More recently, generative methods, particularly those leveraging advanced Language Models (LMs), have shown remarkable promise in speech enhancement. These LM-based systems learn the underlying patterns of clean speech to generate enhanced audio. However, a key challenge remains: LMs are often trained on low-level technical goals, like predicting speech tokens accurately. This doesn’t always translate to what human listeners truly care about – naturalness, comfort, and overall perceptual quality. A technically “accurate” enhancement might still sound unnatural or unpleasant to a human ear.
To bridge this gap between technical accuracy and human perception, researchers have explored various alignment techniques. One such powerful and elegant method is Direct Preference Optimization (DPO). Originating in the field of natural language processing, DPO offers a simpler and more stable way to align a model’s outputs with human preferences, without the complexities often associated with traditional reinforcement learning approaches.
A recent research paper, titled “ALIGNING GENERATIVE SPEECH ENHANCEMENT WITH HUMAN PREFERENCES VIA DIRECT PREFERENCE OPTIMIZATION,” explores the pioneering application of DPO to speech enhancement. Authored by Haoyang Li, Nana Hou, Yuchen Hu, Jixun Yao, Sabato Marco Siniscalchi, and Eng Siong Chng, this work introduces a novel approach to improve the perceptual quality of enhanced speech. You can find the full paper here: Research Paper.

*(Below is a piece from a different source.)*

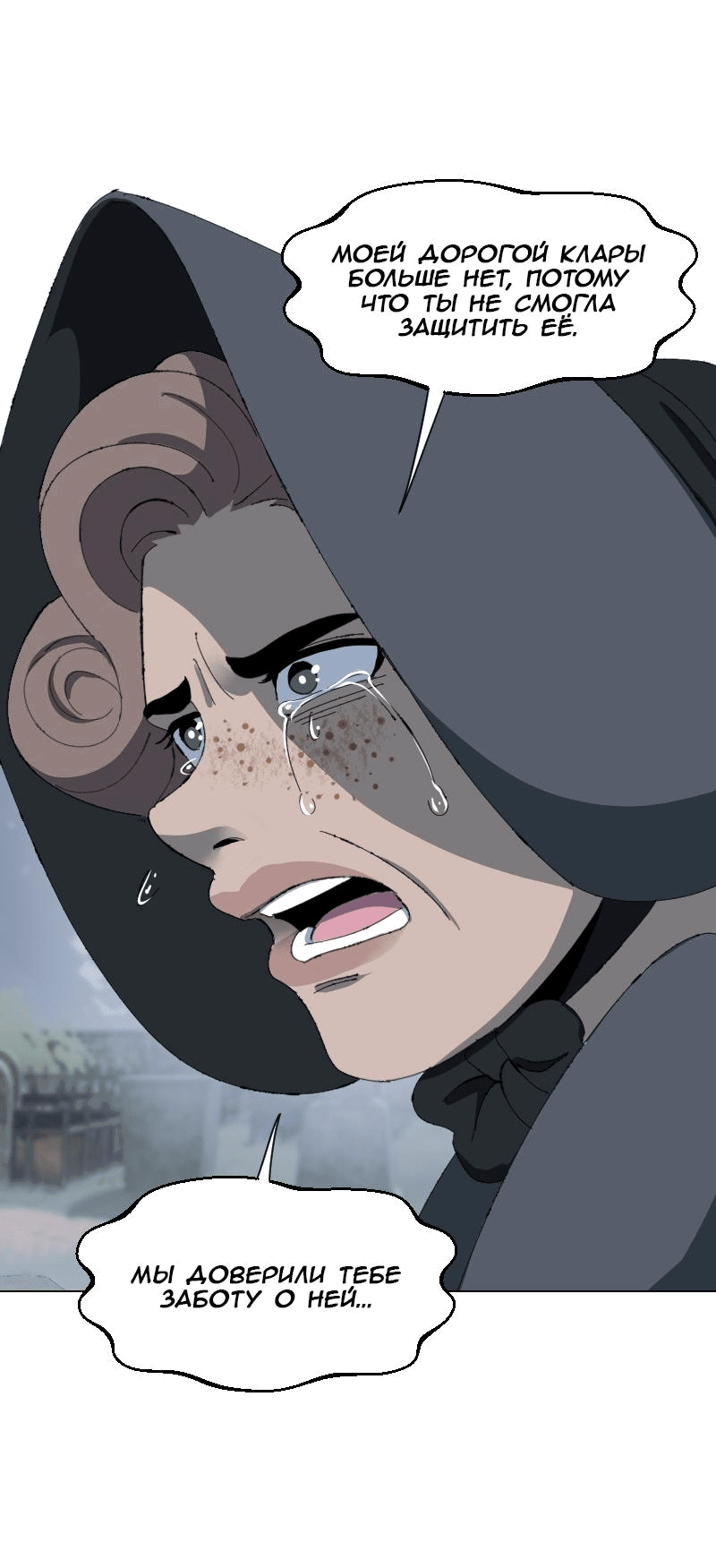 Манга Тихие Крики - Глава 78 Страница 8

The core idea behind their method is to use a neural MOS (Mean Opinion Score) prediction model, UTMOS, as a stand-in for human ratings. Instead of relying on actual human listeners for every training step (which would be incredibly costly and time-consuming), UTMOS provides a reliable, automated way to estimate how humans would perceive the quality of enhanced speech. This allows the system to receive “perceptual feedback” during its training.
The process involves taking a pre-trained LM-based speech enhancement model, specifically GenSE, and fine-tuning it using DPO. The system generates multiple versions of enhanced speech from the same noisy input. These versions are then evaluated by UTMOS, which assigns a quality score to each. Based on these scores, “preferred” (higher quality) and “rejected” (lower quality) speech samples are identified. DPO then uses these pairs to teach the model to produce more of what UTMOS (and by proxy, humans) would prefer, and less of what it would reject.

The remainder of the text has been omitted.